As unthinkable as the Emanuel AME Church shooting was, I can’t help but think that it opens a kairotic moment that we dare not miss. I didn’t know what the tipping point would be for the Confederate flag’s demise (at least in government usage)—I assumed a few more white folks would have to go to Judgment Day before there was hope of getting these insults out of view. And speaking of insults, how cruel of the flag defenders to betray the intent of the flag’s designer, who was quite clear about what he hoped it would be remembered for: “As a national emblem, it is significant of our higher cause, the cause of a superior race, and a higher civilization contending against ignorance, infidelity, and barbarism.” (William T. Thompson, May 4, 1863). Ok, sure, call it about heritage if you want to—just be clear about what heritage that is.

I didn’t really intend to overwhelm you with summer betrayals—I haven’t even mentioned the dangers of falling balconies or stadium plunges, other places you thought were safe. Or someone you thought of as a guy’s guy, Olympian athlete and all, who’s now sporting Versace couture dresses and pearls. Or Atticus Finch support groups. Or the fact that gun violence might show up not just in the news but on the news as it’s being reported, live, right there along with your breakfast cereal.

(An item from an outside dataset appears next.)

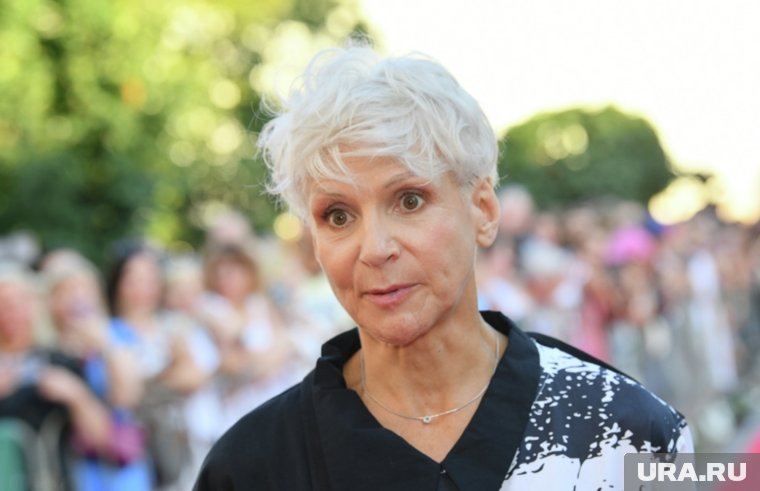 8731116 18.07.2024 Актриса Людмила Артемьева на красной дорожке закрытия VIII фестиваля нового российского кино "Горький fest" в Нижнем Новгороде. Екатерина Чеснокова / РИА Новости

A long time ago (at the beginning of this post), I wrote “a roundup of things best forgotten.” Let me be clear: I’m referring to something very specific here. We should never forget the lives lost or (crucially) the way they were lost. And we should keep a little questioning voice inside us when we buy an image whole cloth, forgetting that people are always more complex than we think they are. But we are called upon to be resilient, even upon betrayal. What could be more poignant than the shortest of questions, et tu? or as Malcolm X put it, “To me, the thing that is worse than death is betrayal. You see, I could conceive death, but I could not conceive betrayal.” 

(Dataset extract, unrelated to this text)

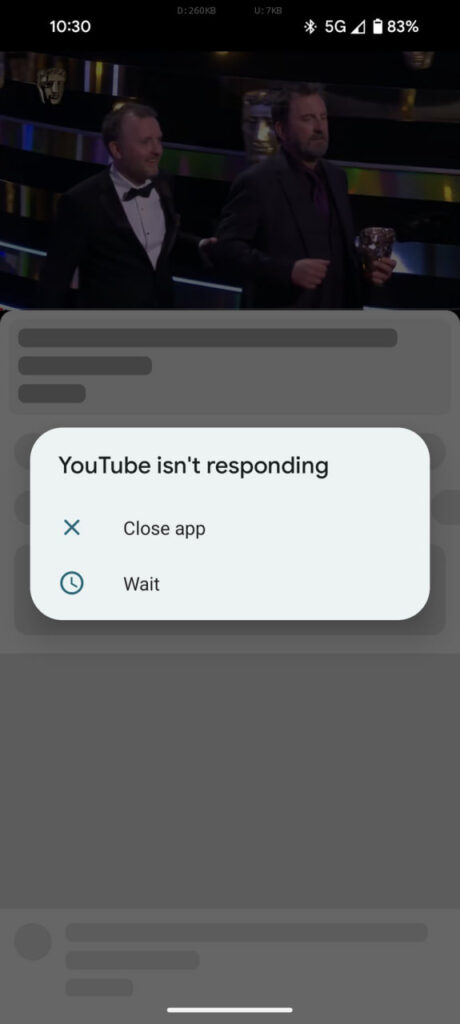 YouTube app crashing issue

We can’t conceive of things not being, to some extent, what we think they are. I’m still a little flummoxed that bacteria grows on bars of soap (and not the good kind of bacteria). I mean, c’mon, on soap?

It’s paralyzing not to trust that this elevator will go where it’s supposed to, that this person will deal honestly with my money, that my friend has got my back instead of planning the best place for the knife. So what I’m suggesting is that while we forge resilience about the inevitable betrayals ahead of us, try to forget that sinking feeling when you first heard the lies, misrepresentations, or tragedies of 2015. Don’t stay in that ground-quake of your being, that sense that you don’t know what’s real. Resist the notion that that’s all the world is—a series of awakenings to harsh truths. Notice instead that for every disappointment or cataclysm, there was an opening for a reaction that surprises. The forgiveness of the Charleston church families, the Germans holding signs saying “Welcome” in Arabic to war-torn refugees. Live in that place even while we swap stories of betrayals that we didn’t see coming, yet will survive together.

Take a page from the Talmud: “Do not be daunted by the enormity of the world's grief. Do justly, now. Love mercy, now. Walk humbly now. You are not obligated to complete the work, but neither are you free to abandon it.”

The Summer of 2015 may have asked us to abandon many things we thought we knew—but that is little more than a summer awakening, for there is much work to do, and if you like a little prayer with your politics, you will be well suited for it.